At cruising altitude in a plane, the radiation from cosmic rays increases significantly:

  • 0.5 microsieverts per hour at 18,000 feet [00:14:45]
  • 1 microsievert per hour at 23,000 feet [00:14:48]
  • Over 2 microsieverts per hour at 33,000 feet [00:14:51]
  • Over 3 microsieverts per hour at even higher altitudes and towards the poles [00:14:54]

This increases the chance of a single event upset by 10 to 30 times at cruising altitude [00:15:00].

On October 7, 2008, an Airbus A330 flying from Singapore to Perth suddenly pitched down, diving 200 meters in 20 seconds [00:15:12]. 119 people were injured [00:15:48]. The fault was traced to the first Air Data Inertial Reference Unit (ADIRU), which supplies critical flight data [00:15:57]. A bit flip in the first eight bits of a 32-bit binary word meant altitude information was mislabeled as angle of attack information [00:16:16]. The plane then sharply nosed down to correct what it thought was a stall [00:16:41]. While other possibilities were ruled out, investigators concluded that a single event effect from a high-energy atmospheric particle striking an integrated circuit was a potential triggering event [00:17:05]. The Airbus A330 was built in 1992, before specific regulatory requirements for airborne systems to be resilient to single event effects [00:17:24].

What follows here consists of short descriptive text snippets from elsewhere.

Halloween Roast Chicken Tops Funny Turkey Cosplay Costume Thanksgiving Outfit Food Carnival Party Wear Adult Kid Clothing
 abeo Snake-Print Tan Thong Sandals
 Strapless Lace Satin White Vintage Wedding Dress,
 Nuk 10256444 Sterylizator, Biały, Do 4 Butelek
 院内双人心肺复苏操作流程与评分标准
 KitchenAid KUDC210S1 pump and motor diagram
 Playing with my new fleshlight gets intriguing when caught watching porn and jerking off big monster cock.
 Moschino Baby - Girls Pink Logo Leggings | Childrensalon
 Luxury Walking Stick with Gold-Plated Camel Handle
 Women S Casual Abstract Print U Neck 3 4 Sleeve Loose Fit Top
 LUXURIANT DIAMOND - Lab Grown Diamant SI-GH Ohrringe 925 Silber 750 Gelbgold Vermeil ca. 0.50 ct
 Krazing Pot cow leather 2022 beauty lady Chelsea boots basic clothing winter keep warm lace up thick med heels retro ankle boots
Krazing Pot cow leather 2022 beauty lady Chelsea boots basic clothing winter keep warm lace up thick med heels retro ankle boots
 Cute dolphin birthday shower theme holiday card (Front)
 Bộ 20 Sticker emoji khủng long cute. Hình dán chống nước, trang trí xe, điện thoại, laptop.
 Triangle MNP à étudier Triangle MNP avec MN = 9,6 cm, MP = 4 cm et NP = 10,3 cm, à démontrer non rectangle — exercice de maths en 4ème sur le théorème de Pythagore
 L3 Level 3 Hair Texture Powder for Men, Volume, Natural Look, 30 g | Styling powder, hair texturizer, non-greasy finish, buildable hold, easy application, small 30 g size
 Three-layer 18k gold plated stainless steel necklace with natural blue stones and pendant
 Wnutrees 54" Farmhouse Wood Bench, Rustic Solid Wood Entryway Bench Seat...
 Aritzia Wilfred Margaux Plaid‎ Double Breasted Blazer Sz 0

Mitigation in Space and Aerospace

For critical aerospace and space technology, radiation hardening is employed to protect electronics:

  • Space Shuttle: Redundancy was built into the space shuttle’s navigation and control systems, with four computers simultaneously running identical software [00:17:34]. If one computer had a soft error, the other three would overrule it [00:17:44]. On one five-day mission (STS 48), 161 separate bit flips were tracked [00:17:53].
  • Mars Rovers: The computer on the Perseverance Rover, launched in 2001, is a 20-year-old PowerPC with 256 megabytes of RAM and two gigabytes of flash storage [00:19:27]. It is radiation hardened, meaning its design, materials, circuits, and software are built to withstand 40 times the radiation of an ordinary computer [00:19:41]. This technology has been used on over a dozen space missions since 2005 [00:19:52].
  • Testing: Engineers test radiation-hardened processors by exposing them to particle beams on Earth and observing “blue screens of death” to understand failure modes and prevent them in space, where an unrecoverable crash would mean mission loss [00:19:57].

The sun’s 11-year activity cycle creates a protective bubble (the heliosphere) that helps deflect and slow cosmic rays from interstellar space, but this protection fluctuates, with lower cosmic ray flux on Earth when the sun is active [00:20:52].